Blender Git Loki

Blender Git "cycles-x" branch commits.

Page: 13 / 44

July 16, 2021, 12:37 (GMT)
Cycles X: Support shadow catcher behind transparent object

Seems to be rather straightforward.
Think initially it was less obvious to do, until we've started to count
number of samples for the shadow catcher pass.
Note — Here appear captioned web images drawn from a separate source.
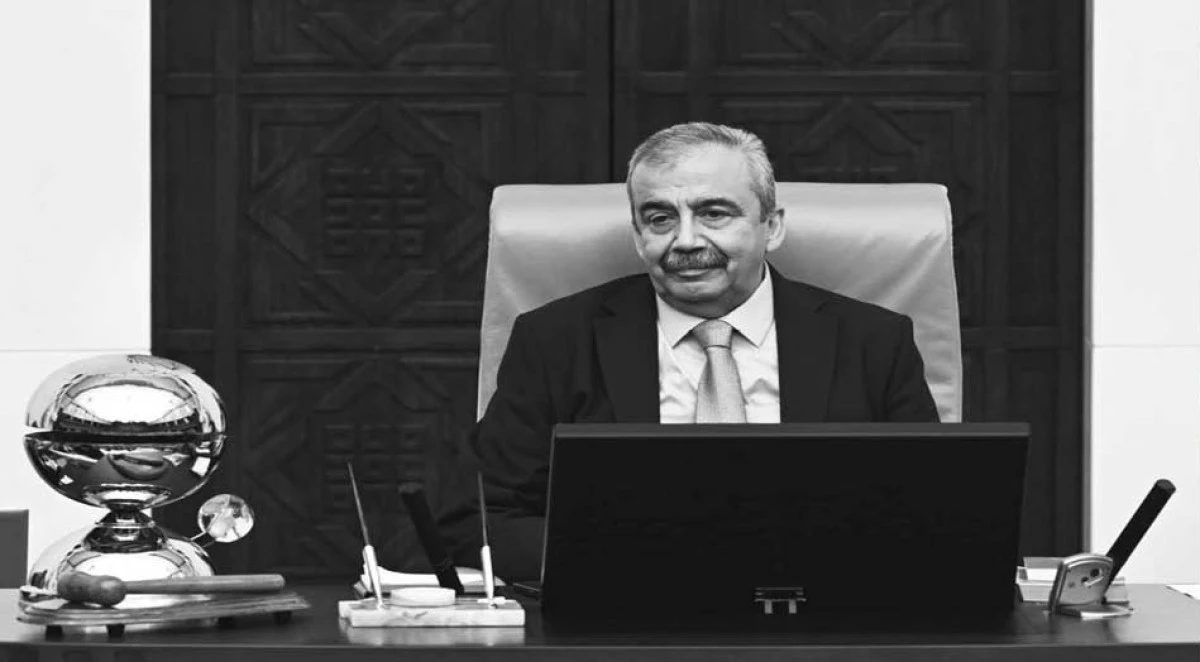 Siyasilerden, Sırrı Süreyya Önder için başsağlığı mesajı
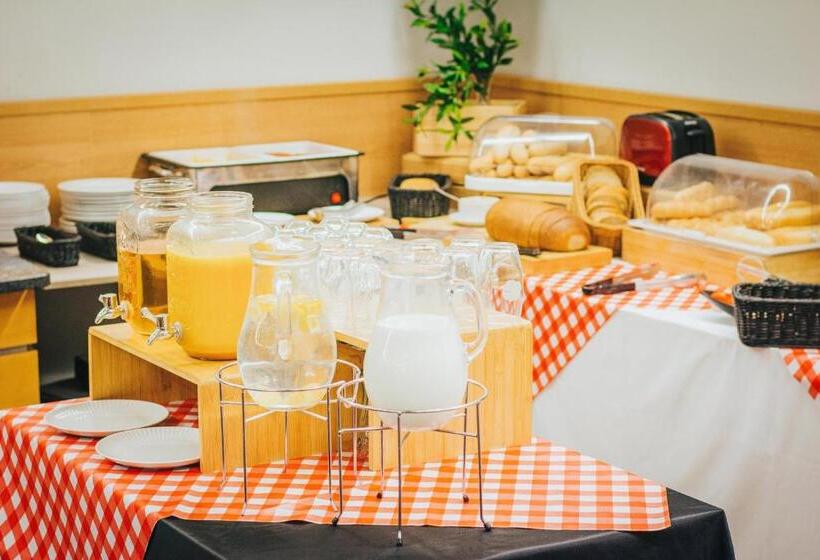 غرفة قياسية, Arena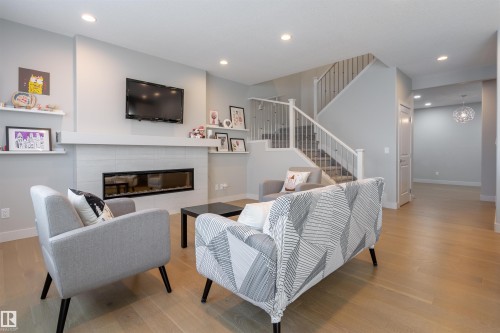 6621 Knox Place, Edmonton, AB - Indoor With Fireplace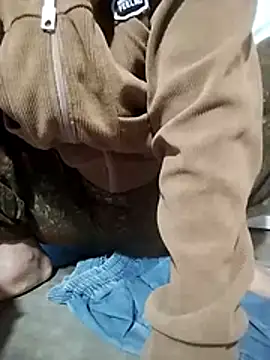 -Hazel-123 online show from November 26, 2:56 am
Note that this is only about support of Transparent BSDF. Glass BSDF
can not be supported as it refracts light, which is not possible to
store as a shadow catcher pass.

Differential Revision: https://developer.blender.org/D11946
July 16, 2021, 12:32 (GMT)
Cycles X: Support Transparent Glass for shadow catcher

Improves support of Glass BSDF in front of a shadow catcher.
July 16, 2021, 11:44 (GMT)
Fix fully transparent shadow catcher pass without catchers

Makes it so behavior of a shadow catcher pass is always predictable:
it is always possible to multiply it with a backdrop, regardless of
presence of shadow catcher object in the scene.

The downside it that this change makes it so extra memory is allocated
to store empty shadow catcher, and will make it so denoiser will an
extra work. Is possible to avoid, but it ends up in tricky checks, and
the situation is unlikely to be that common to justify making code
more complex.

Differential Revision: https://developer.blender.org/D11945
July 15, 2021, 16:22 (GMT)
Cycles X: Ignore shadow catcher from holdout collection

Differential Revision: https://developer.blender.org/D11937
July 15, 2021, 16:19 (GMT)
Fix wrong render result after cryptomatte commit

Was checking the wrong field to see whether there are any cryptomatte
passes in the scene.
July 15, 2021, 15:15 (GMT)
Cycles X: Bring back cryptomatte post-processing

Is the non-accurate mode which is used for both CPU and GPU which is
done as a post-processing pass after all samples have finished. This
is happening via render scheduler, as it knows when path tracing did
finish.

Compared to regular Cycles this makes it so the cprypromatte pass is
properly sorted with adaptive sampling enabled.

The accurate CPU implementation which used to be done via the Coverage
class is not yet hooked back. This needs to somehow happen either via
the kernel or via the PathTraceWork. Current state of the patch should
make it trivial to bring accurate implementation back.

This change also fixes missing denoising when rendering when using
constant time rendering.

Differential Revision: https://developer.blender.org/D11934
July 15, 2021, 15:00 (GMT)
Cycles X: Implement path compaction for shadow catcher

The demo file is BMW27 with the ground set as a shadow catcher.
The observed performance improvement is about 5% on RTX5000.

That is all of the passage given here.